Description
Mary Berry’s Coconut Sponge Cake is a classic dessert that combines the lightness of a sponge cake with the tropical flavor of coconut
Ingredients
Scale
- 225g self-raising flour
- 225g caster sugar
- 225g unsalted butter, softened
- 4 large eggs
- 2 tsp baking powder
- 50g desiccated coconut
- 2 tbsp milk
- 1 tsp vanilla extract
Instructions
- Preheat Oven: Set your oven to 180°C (160°C fan) and grease two 20cm round cake tins.
- Mix Ingredients: Combine flour, sugar, butter, eggs, and baking powder in a large bowl.

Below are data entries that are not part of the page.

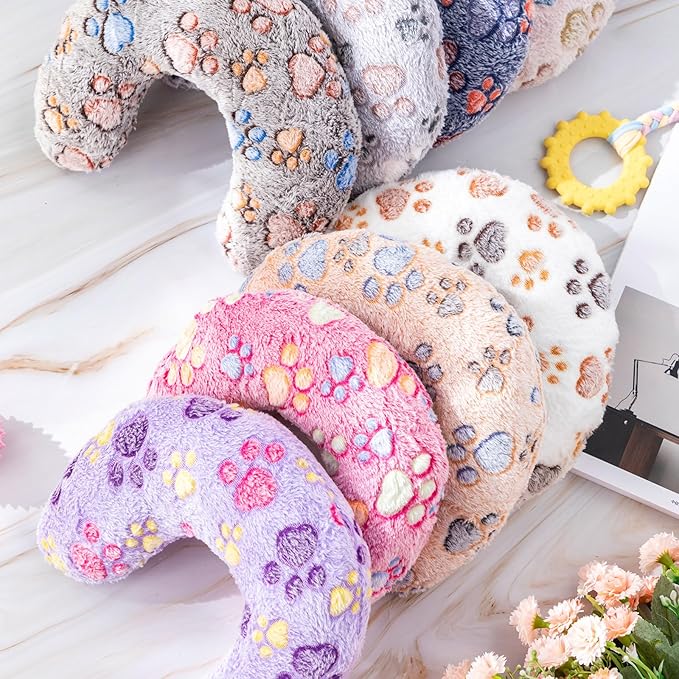 Suzile 8 Pcs Pillow for Cats Dog Neck Pillows Puppy Cat Bed Soft Pillow Fluffy Pet Calming Pillow Half Donut U Shaped Pet Neck Pillow Training Pillow Joint Relief Cervical Protection(Medium)
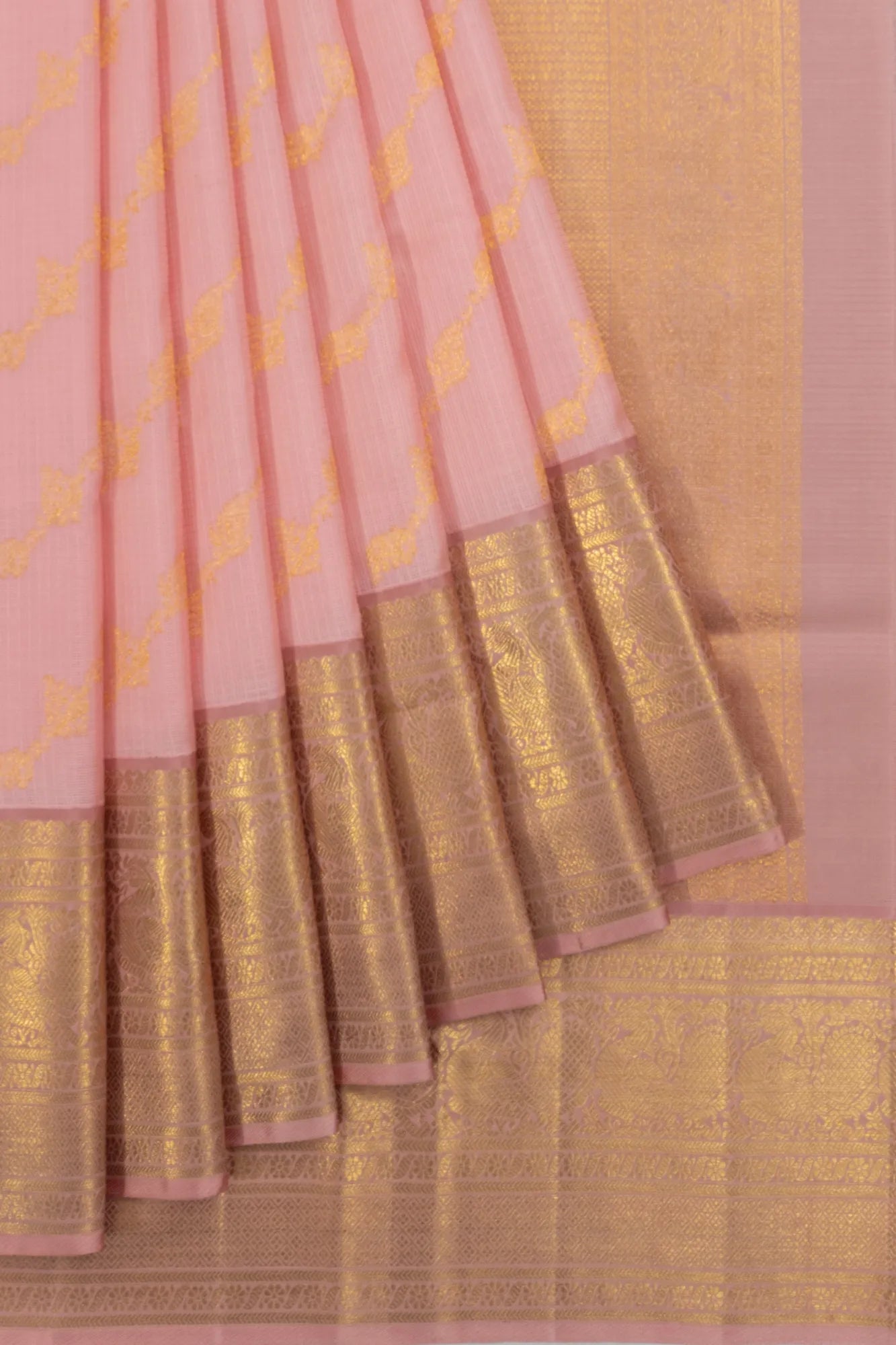 Kanchipuram X Kota Cotton Brocade Pink Saree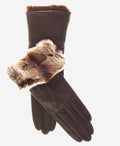 CR4405 (brown) - Women’s Italian leather winter gloves with Rex rabbit fur cuff 2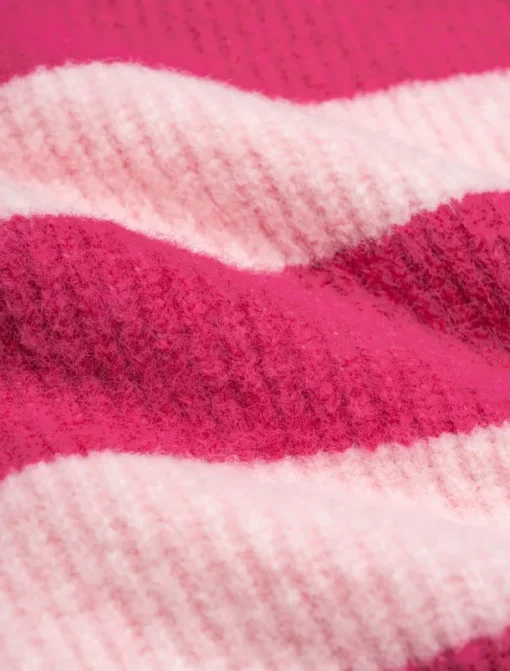 Off Shoulder Ribbed Knit Wool Blend Fall / Winter Causal Rose Red Sweater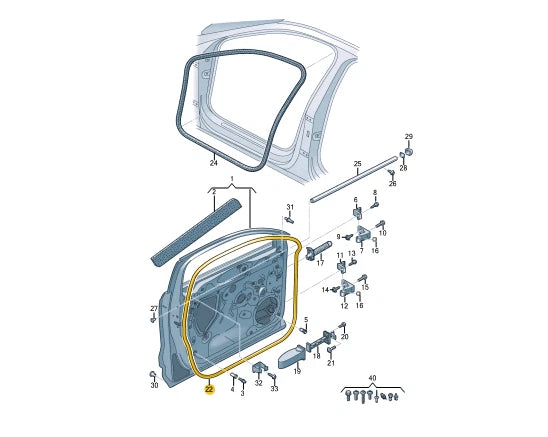 NEW AUDI Q3 F3 FRONT LEFT DOOR SEALING 83A837911A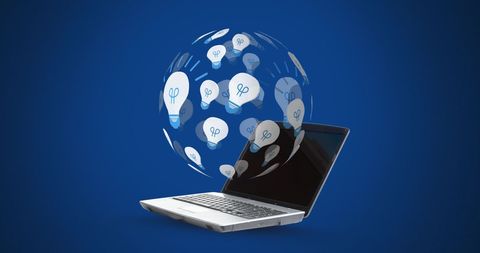 Light Bulb Globe Hovering Above Laptop Symbolizing Innovation - Download Free Stock Images Pikwizard.com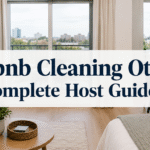 Airbnb cleaning Ottawa featured image showing a spotless, modern Airbnb apartment with a neatly made bed, fresh towels, bright living area, and clean kitchen, representing professional vacation rental turnover cleaning for Ottawa hosts.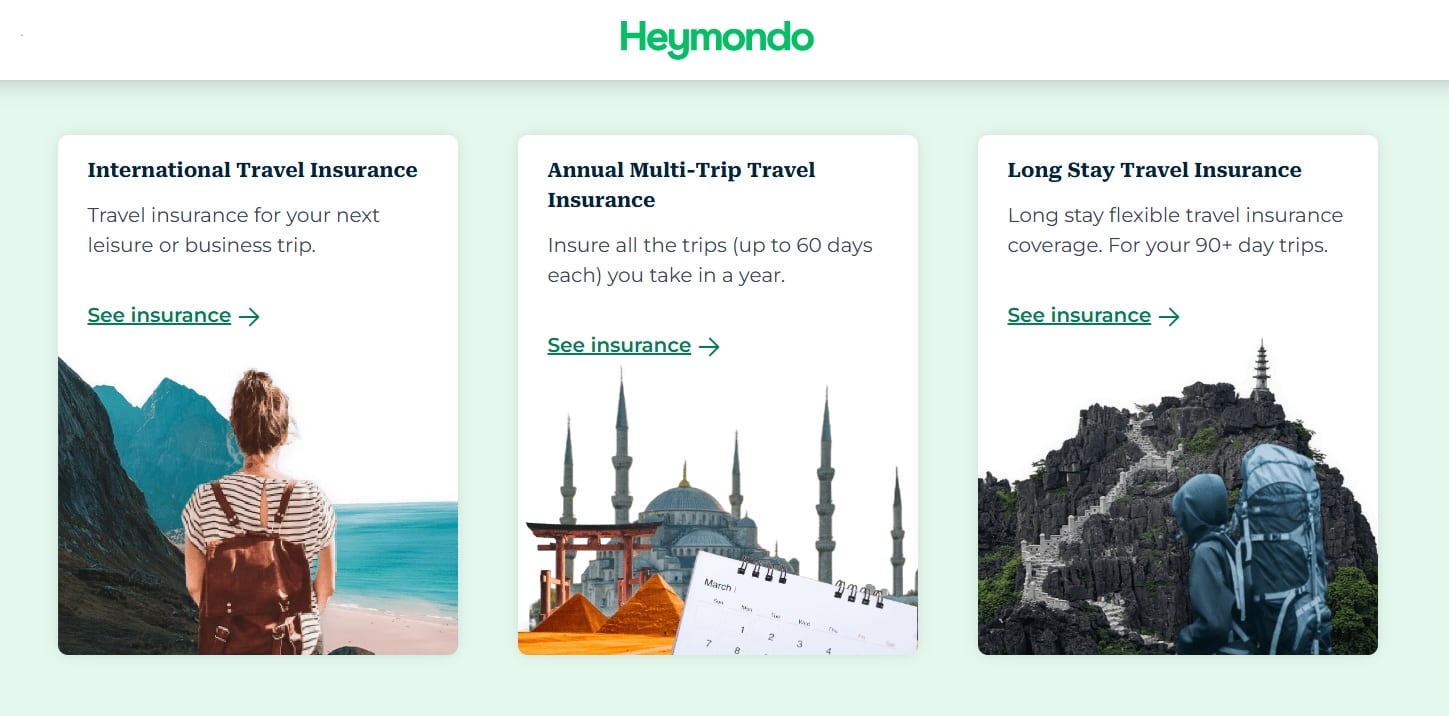 Insurance Plans Heymondo app screenshot.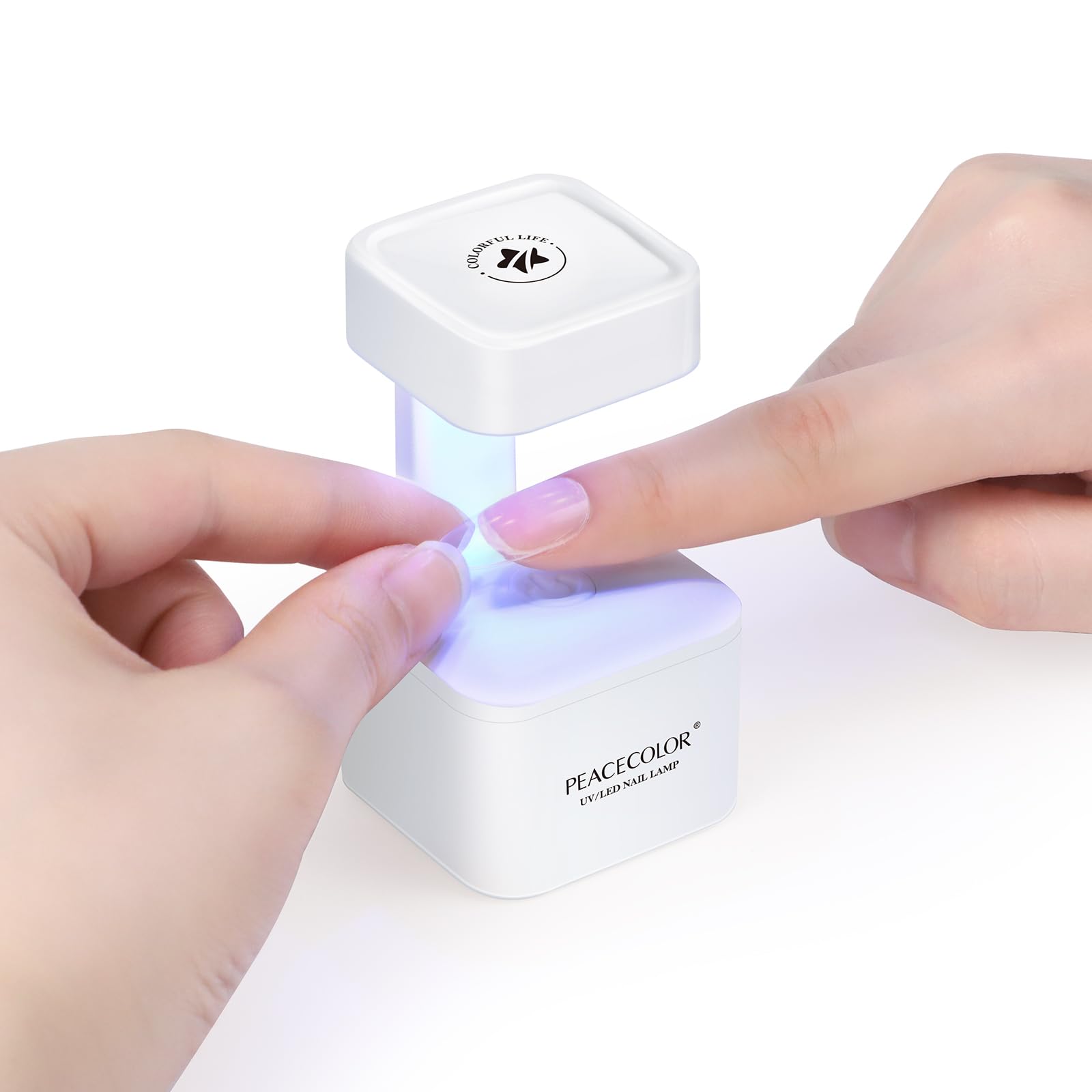 PEACECOLOR Mini UV lamp front view for portable gel curing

- Add Coconut: Stir in the desiccated coconut, milk, and vanilla extract until well mixed.
- Divide Batter: Evenly distribute the batter between the two prepared cake tins.
- Bake: Place the tins in the oven and bake for 25-30 minutes, or until golden brown and a skewer comes out clean.
- Cool Cakes: Remove from the oven and let the cakes cool in the tins for 10 minutes before transferring to a wire rack.
- Assemble Cake: Once completely cooled, spread a layer of frosting or jam between the two cakes and sandwich them together.
- Decorate: Finish with a dusting of icing sugar or additional desiccated coconut on top.